A estes, somam-se critérios relacionados com sustentabilidade, cujo respeito dos mesmos se verifica sobretudo na eleição de soluções à base de materiais reciclados – pavimentos das unidades habitacionais e circulações e carpintarias em aglomerado forrado a melamina, por exemplo.

É previsto, para os pavimentos: no hall de entrada, uma solução em blocos de pedra lioz e betonilha afagada, para as áreas técnicas e de apoio administrativo, betonilha afagada, para as áreas de circulação, alcatifa sintética, com critério acústico, e, para as unidades habitacionais, um pavimento em linóleo com critério acústico (percussão -18dB). Todos os rodapés são previstos em MDF, lacado.

Todas as carpintarias serão realizadas em painéis de aglomerado forrados a melamina a uma só cor, cinza-claro, conforme peças desenhadas, incluindo portas, mobiliário fixo — cozinhas — e mobiliário móvel — roupeiros.

PROJETO – SOLUÇÕES MATERIAIS EXTERIORES

De uma forma geral, para as fachadas é proposta a manutenção da natureza dos materiais – reboco de cal —, prevendo a sua substituição por uma solução de reboco térmico à base de cal, de forma a dotar o edifício de uma melhor eficiência energética, bem como a manutenção das soluções de pinturas de revestimento —, mantida a cor do edifício apalaçado — sangue de boi (RAL 3009) — e propostas cores diferentes daquele e entre si de acordo com o cromatismo do centro histórico de setúbal.

Prevê-se a recuperação de todos os trabalhos de cantaria e estuques artísticos de fachada, das guardas em ferro fundido bem como dos aros de janelas de maior complexidade, incluindo as suas bandeiras.

Para a fachada Norte, principal, é proposta a substituição dos vãos não-originais do piso térreo por portas em madeira pintada, à cor das existentes (RAL 2010).

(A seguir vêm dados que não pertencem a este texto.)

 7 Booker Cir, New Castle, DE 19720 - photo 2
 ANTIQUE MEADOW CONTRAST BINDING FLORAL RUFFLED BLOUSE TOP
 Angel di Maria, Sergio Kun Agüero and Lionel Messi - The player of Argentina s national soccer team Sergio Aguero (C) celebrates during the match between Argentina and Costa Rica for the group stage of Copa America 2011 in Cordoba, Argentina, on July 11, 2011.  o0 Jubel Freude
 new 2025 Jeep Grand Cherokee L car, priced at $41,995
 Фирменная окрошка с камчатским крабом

Esta opção é aplicada também nos pisos superiores para os quais se contempla a substituição dos batentes das janelas por novos, inclusos em novas janelas com vidro duplo, respeitantes do desenho e material original, madeira, e pintadas à mesma cor, a instalar pelo lado interior, no sentido da melhoria dos padrões de conforto térmico.

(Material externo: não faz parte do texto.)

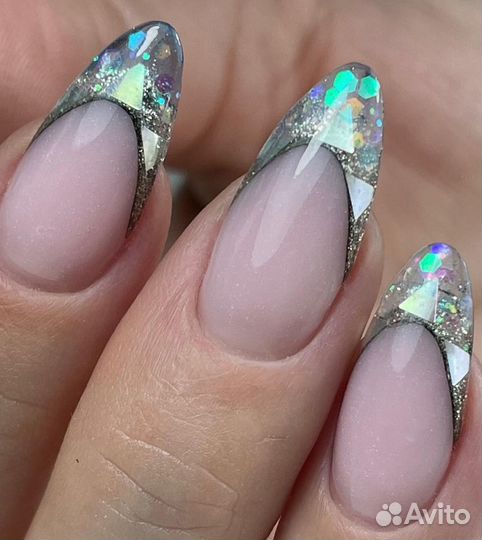 Наращивание ногтей / обучение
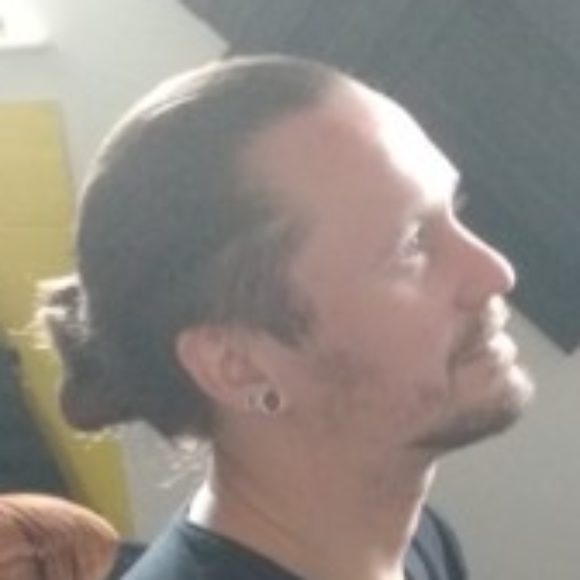 Profile picture of Simon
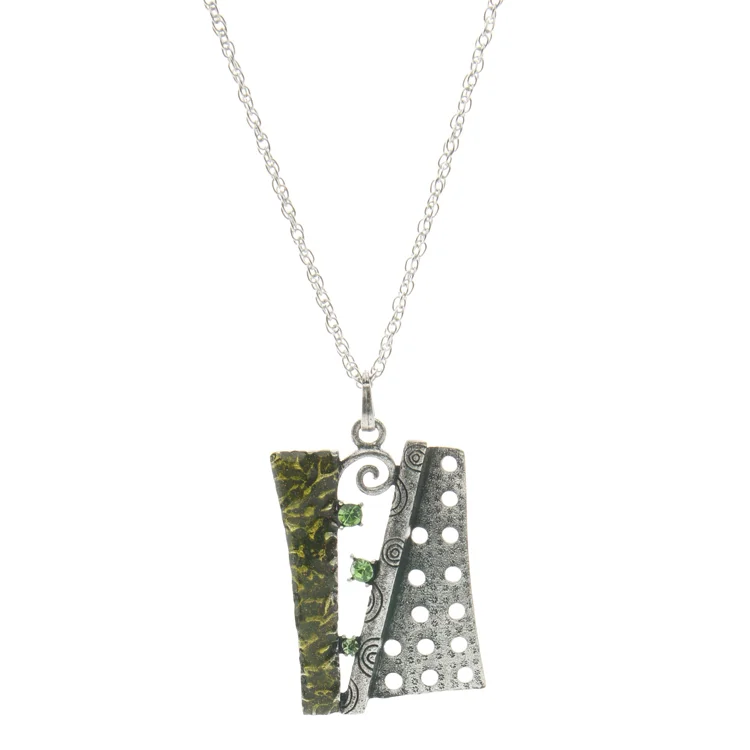 Halskedja med hängsmycke abstrakt konsthantverk. Kollektion 2023 grön emaljlook, retrosilver/diamondstyle - Bild 3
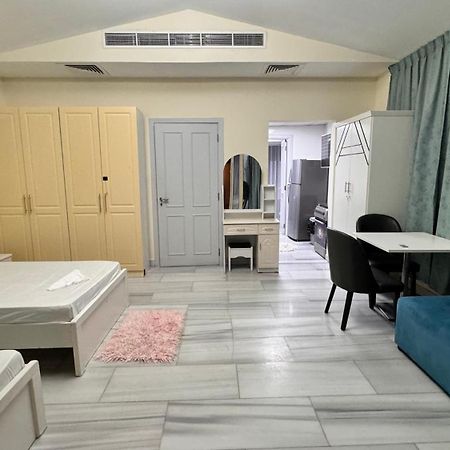 Hotel White House Dubai Esterno foto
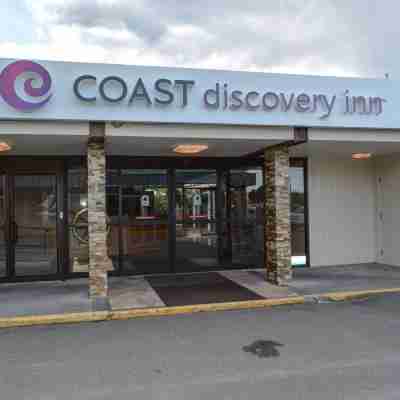 Coast Discovery Inn Hotel Exterior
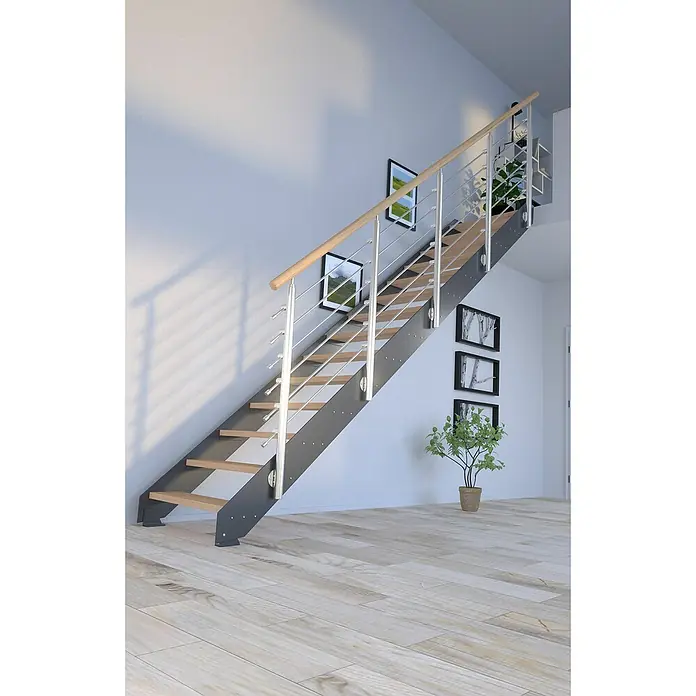 Starwood Wangentreppe KosFarbton Metall: DB 703, Breite: 108 cm, Eiche, Geschosshöhe: 240 cm - 300 cm, Gerade, Designgeländer unbehandelt, Stufen unbehandelt - Eine moderne Treppe mit Holzstufen, Edelstahlgeländer und grauem Treppenlauf in einem hellen Raum.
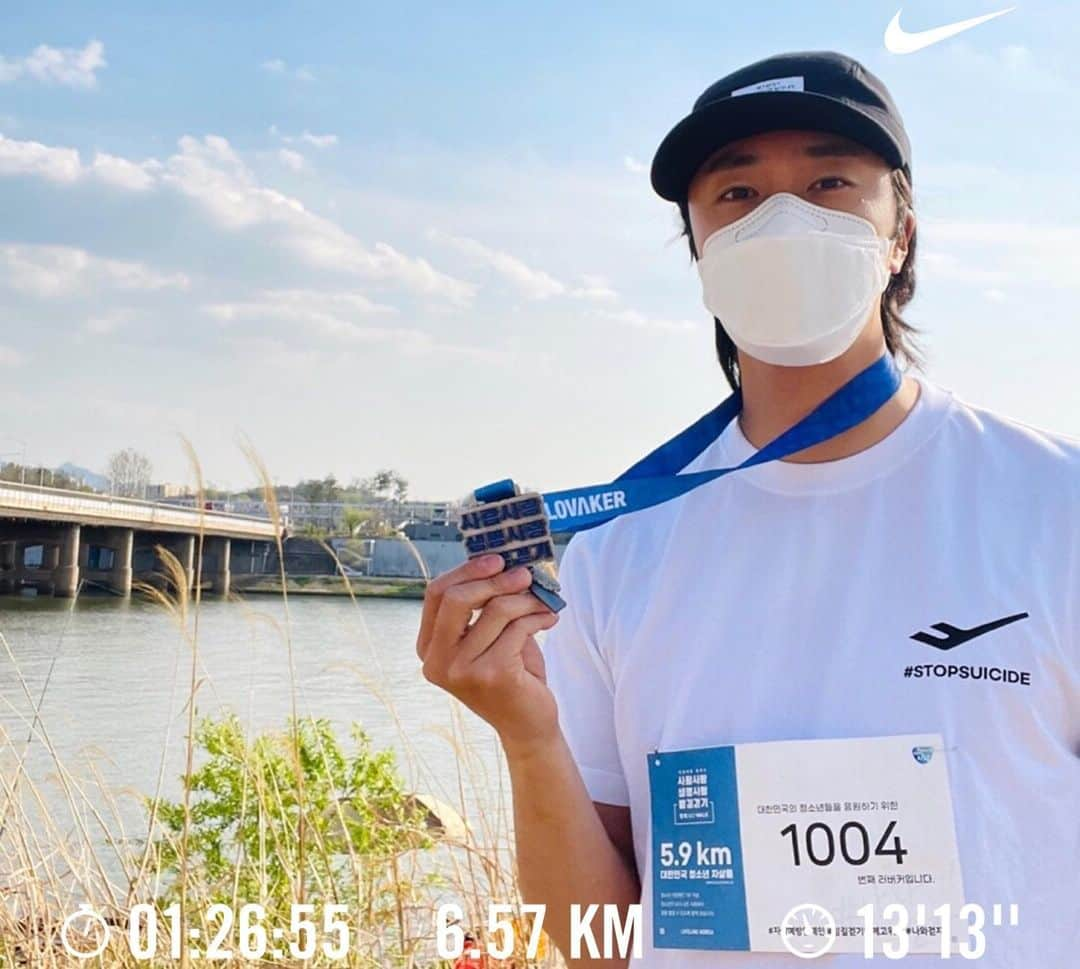 チョン・イルさんのインスタグラム写真 - (チョン・イルInstagram)「Friday walk🏃‍♂️🏃🏼  소중한 사람들을 지키기 위한 걸음, ‘함께GOWALK’에 동참해 주세요 :)  #자살예방캠페인 #밤길걷기함께고워크 #나와걷자」4月9日 18時43分 - jilwww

Na fachada lateral, pelo facto de esta não apresentar bandeiras trabalhadas, é proposta a substituição das janelas por novas com vidro duplo, em PVC lacado segundo padrão de cor original — Aro RAL 2010, Folhas/Batentes Brancos (RAL 9010), com grelhas autorreguláveis. É também proposta a introdução de novos vãos, em alinhamento e configuração consequente com o existente, operação que não só dota os apartamentos de maior iluminação e ventilação naturais, em determinadas situações, atualmente, precárias, como confere à fachada maior regularidade, em particular no (quarto) piso de cobertura habitada, em que é também proposta a introdução de pequenas varandas “embutidas” na cobertura e no alinhamento das fenestrações propostas.

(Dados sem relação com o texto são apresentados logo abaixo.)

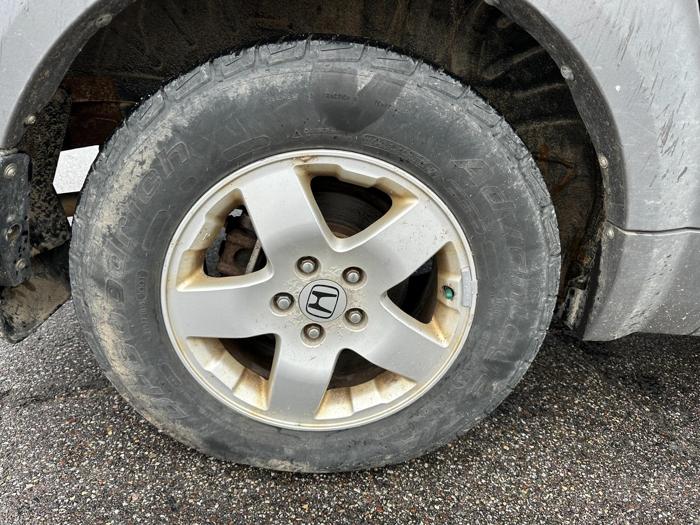 2004 honda element ex-4wd-at-w--front-side-airbags with 275162 miles for sale near elk-river, minnesota c654e950a028497d93f13f9f6994462a.jpg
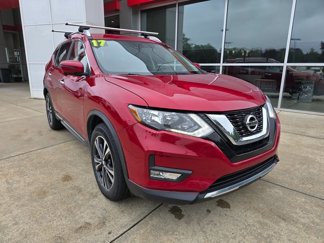 Used 2017 Nissan Rogue SL image 1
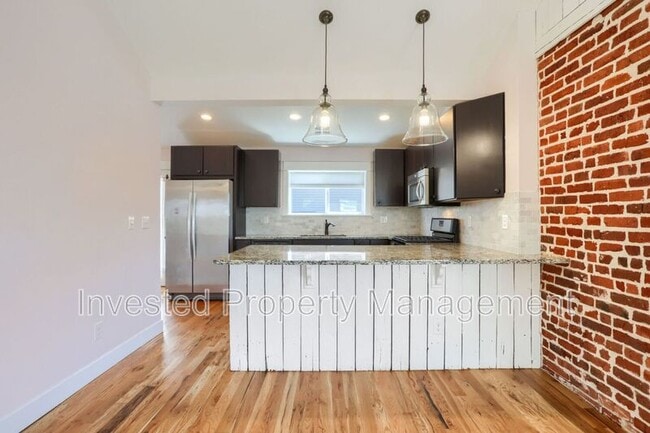 Photo - 2820 Josephine St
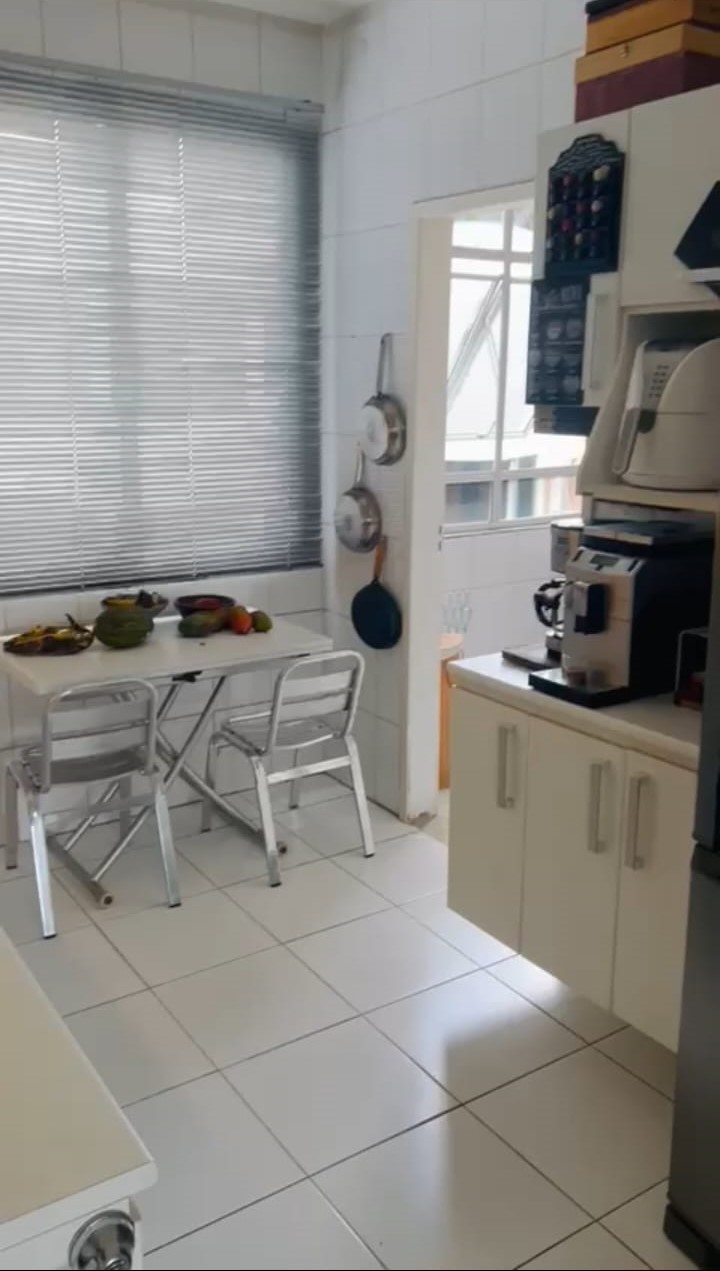 Cobertura na Ilha dos Araújos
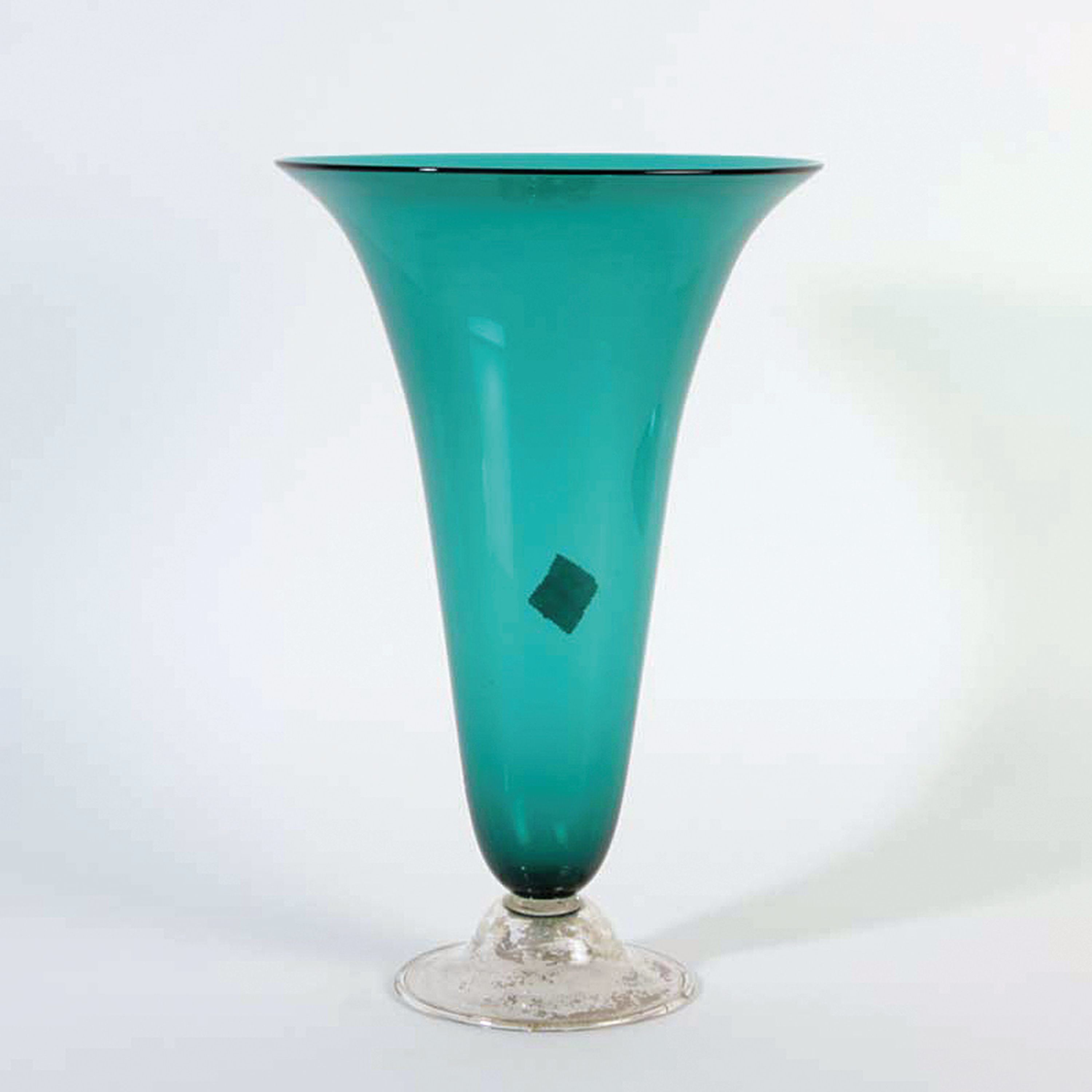 Detail a: Trichtervase, Martinuzzi Murano, 1930er Jahre, grünes Glas, Sockel Klarglas mit Golddekor, H. ca. 34cm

Na fachada dita tardoz, Sul, a configuração dos vãos é mantida e às caixilharias e a um vão da cobertura habitada do edifício apalaçado são adotados os preceitos aplicados à fachada lateral, anteriormente descritos.

PROJETO – CERTIFICAÇÃO ENERGÉTICA

Para além da solução de reboco térmico e das alterações propostas para os vãos — vidros duplos —, está previsto o reforço térmico dos elementos parietais que configuram peitoril de vãos exteriores com isolamento térmico acabado, pelo interior, em gesso cartonado, bem como a aplicação de isolamento térmico nas coberturas.

Estas soluções visam dotar o edifício de um melhor desempenho energético e cumprimento da classe de eficiência energética mínima admissível para reabilitação (“C”), propondo-se a sua majoração para “B-“, sem prejuízo da inércia térmica que caracteriza a solução construtiva original.